• Short text fragments from websites
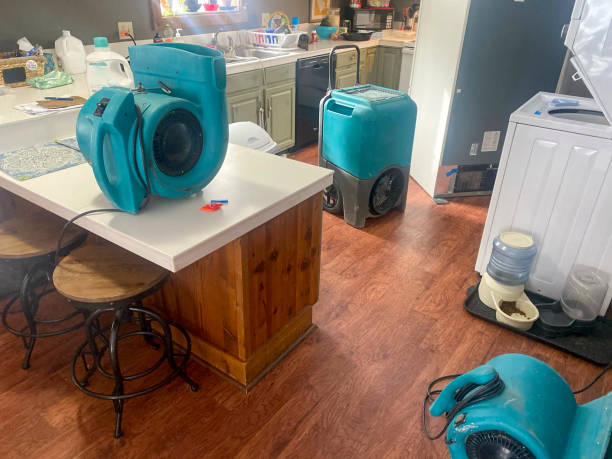 Best Emergency water damage restoration  in Paris, IL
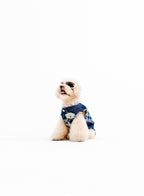 MIKE TEDDY PET CLOTHES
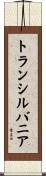 トランシルバニア Scroll
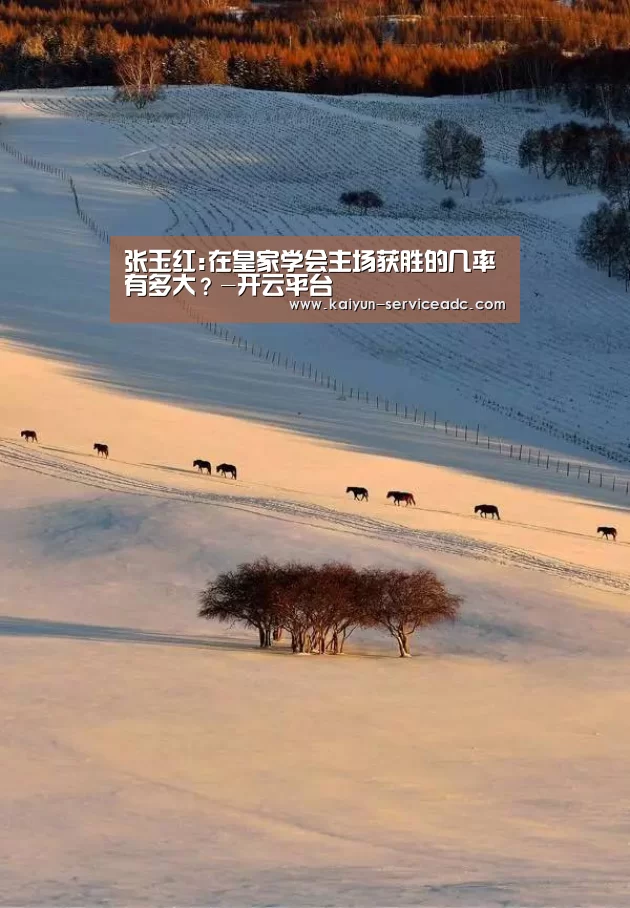 开云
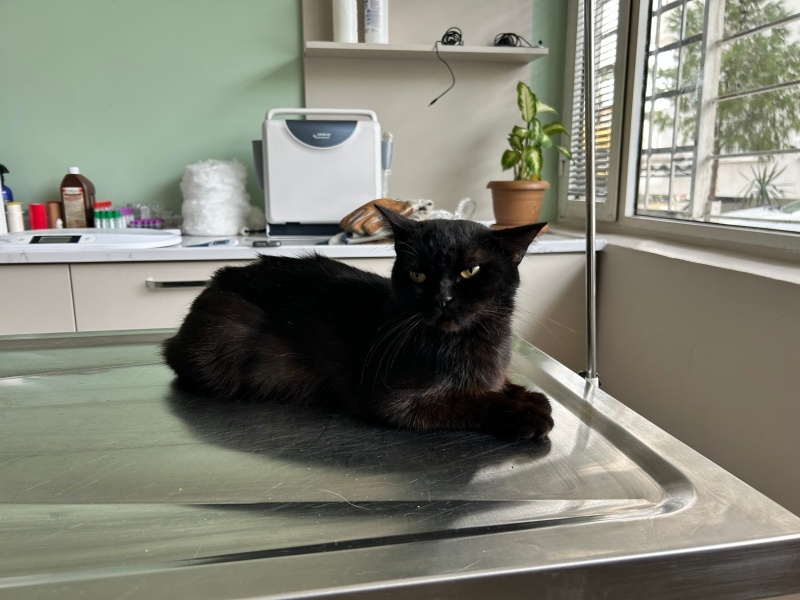 Bombay, Kedi Bihter fotoğrafı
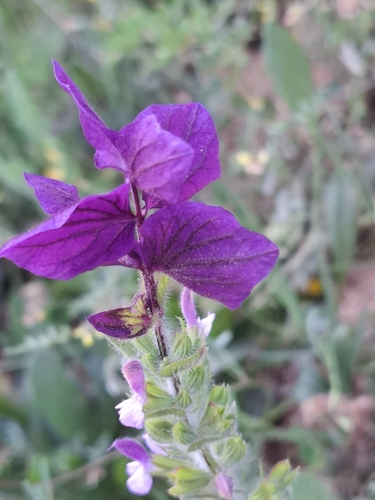 Image of Salvia viridis by no rights reserved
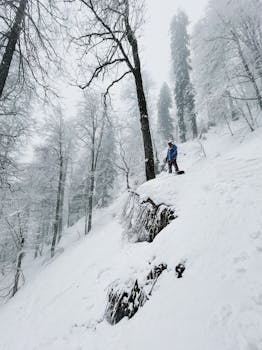 A lone hiker explores a snow-covered forest on a winter day, capturing adventure.
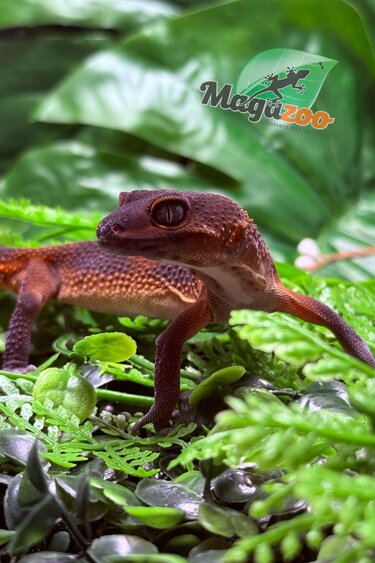 Magazoo Red Blacknight Mandarin 66% Het Tremper female Leopard Gecko 12/09/24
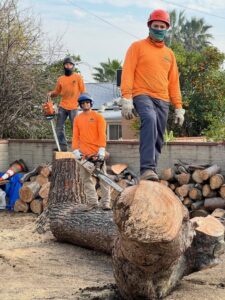 A tree service crew with chainsaws standing on cut logs after tree removal by acostatreeservice in Miami, FL.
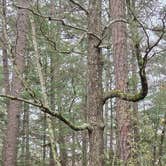 Review photo of Smith Lake Army RV Park by Clean Slate D., December 13, 2021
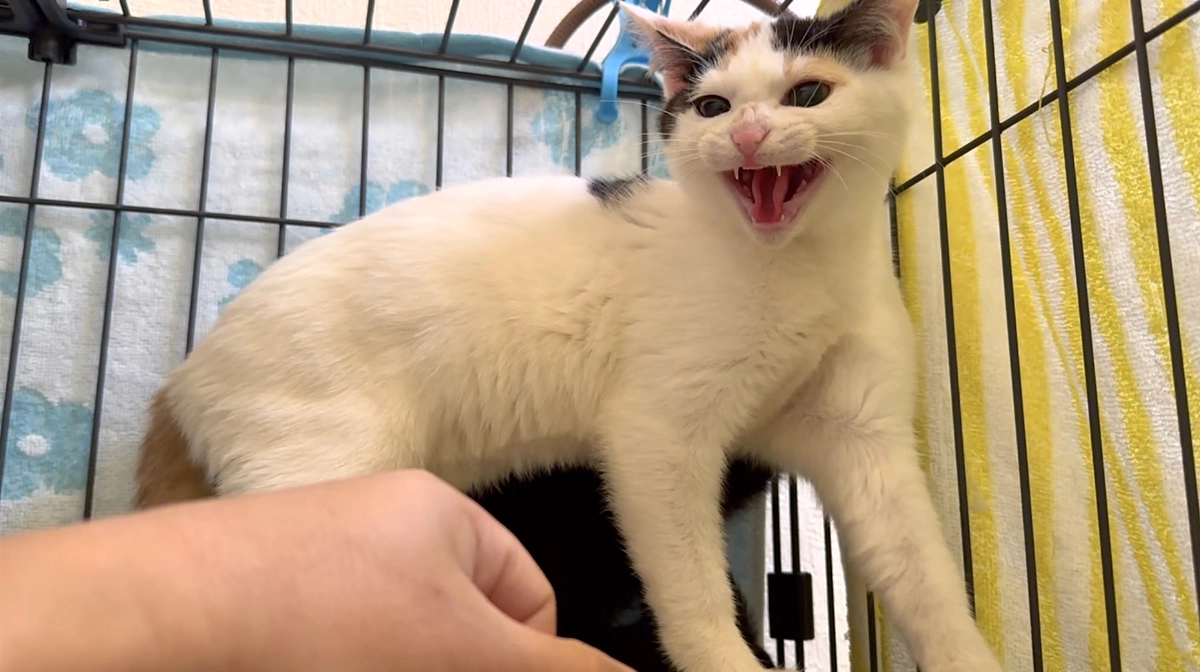 新入りさんがやって来ました😽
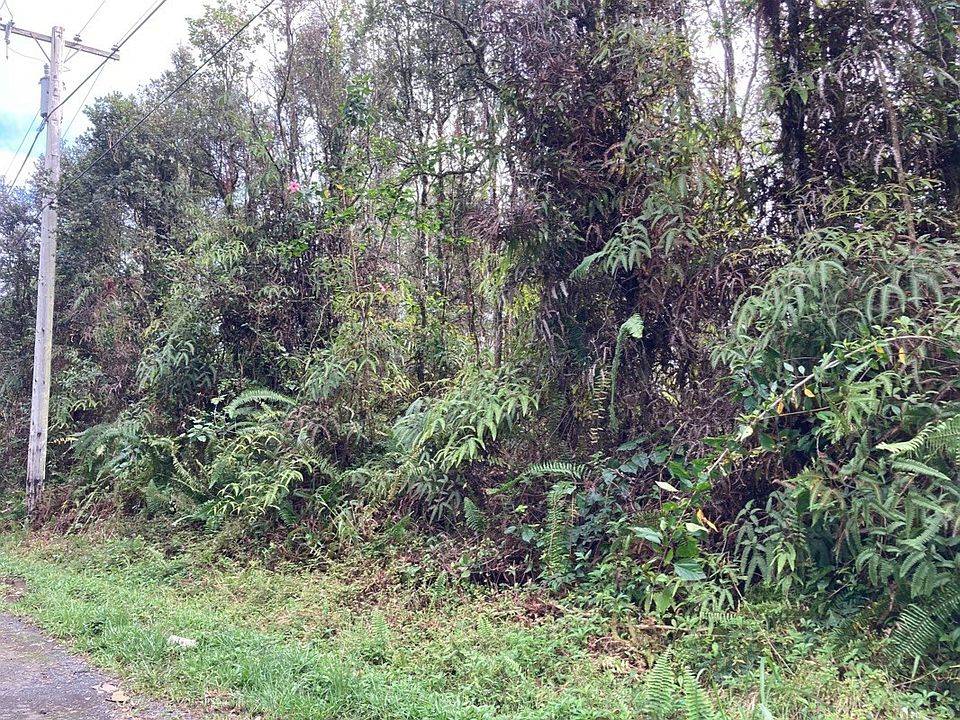 2nd image of Lehua Rd Lot 155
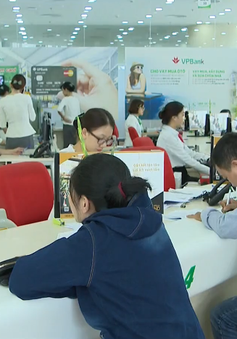 IFC nâng hạn mức tài trợ cho doanh nghiệp Việt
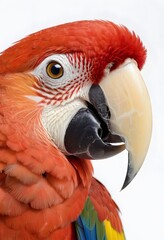Ultra-Realistic Portrait of a Scarlet Macaw. for use in nature-themed posters, educational materials, print design.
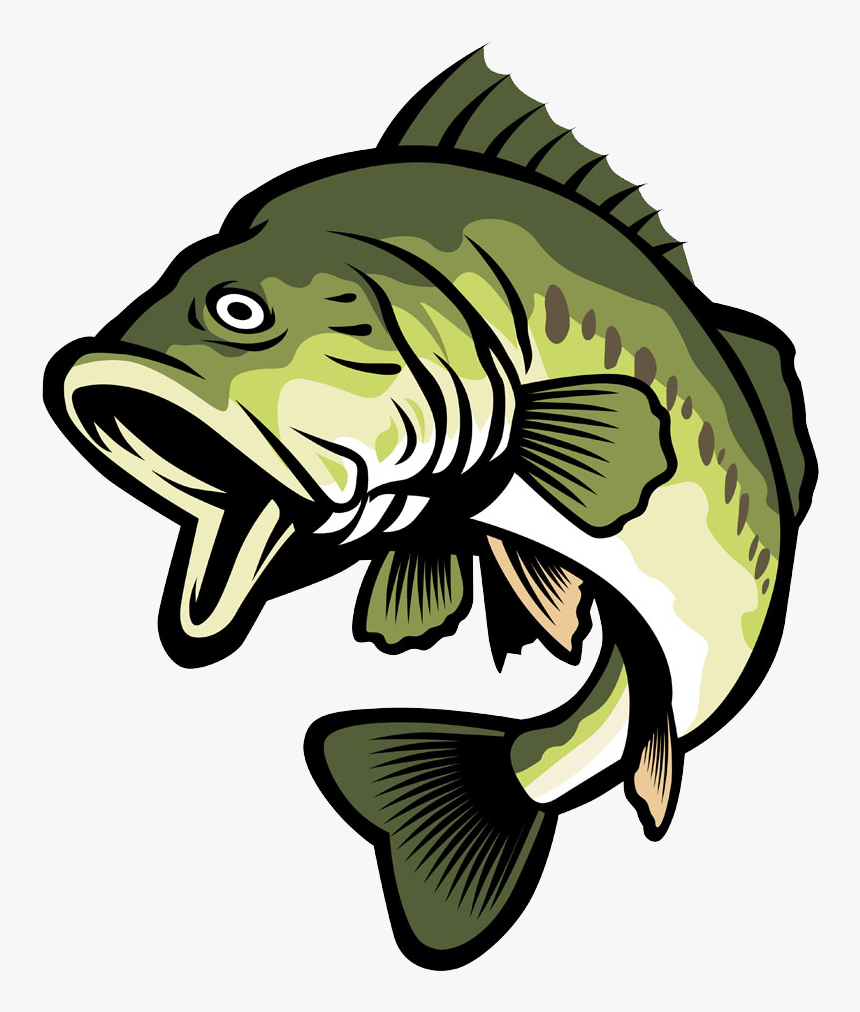 Collection Of Free Bass Vector Largemouth Download - Bass Fish Clipart, HD Png Download, Free Download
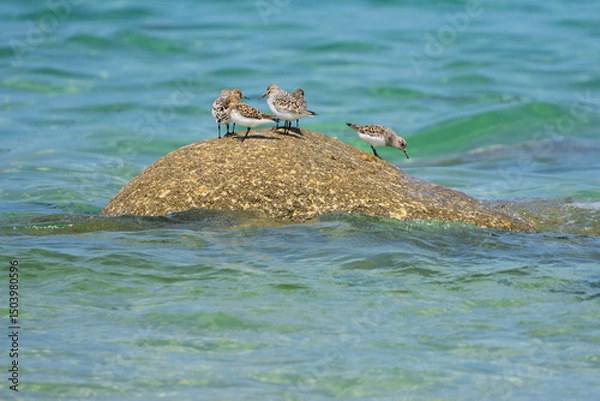 Obraz Les oiseaux et la mer
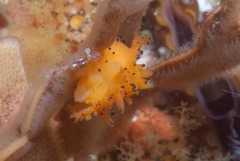 Crimora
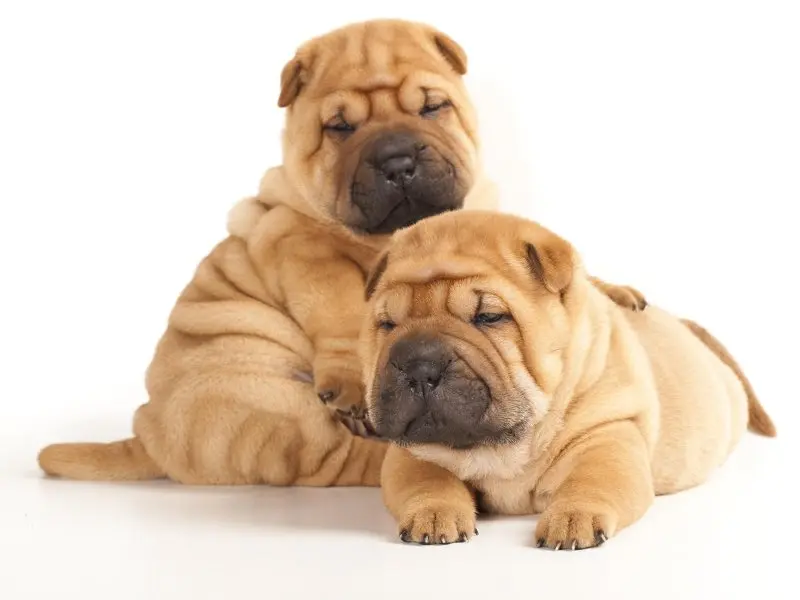 Hình ảnh chó Shar Pei 27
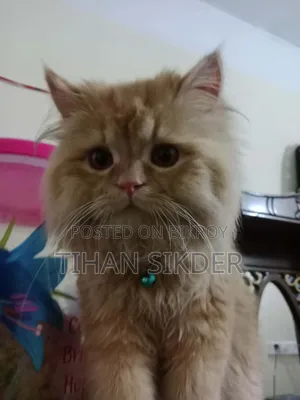 3-6 Months Male Purebred Persian Cat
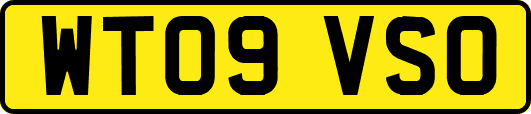 WT09VSO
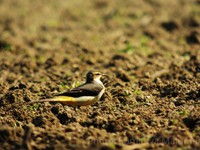 Yellow Wagtail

• HOW TO COMPLETE THIS TASK
Word for word, retype the lines in the entries above that run from the one with "MIKE TEDDY PET CLOTHES" through the one with "Review photo of". Both ends count; pictures do not.

• TASK RESULT
 MIKE TEDDY PET CLOTHES
 トランシルバニア Scroll
 开云
 Bombay, Kedi Bihter fotoğrafı
 Image of Salvia viridis by no rights reserved
 A lone hiker explores a snow-covered forest on a winter day, capturing adventure.
 Magazoo Red Blacknight Mandarin 66% Het Tremper female Leopard Gecko 12/09/24
 A tree service crew with chainsaws standing on cut logs after tree removal by acostatreeservice in Miami, FL.
 Review photo of Smith Lake Army RV Park by Clean Slate D., December 13, 2021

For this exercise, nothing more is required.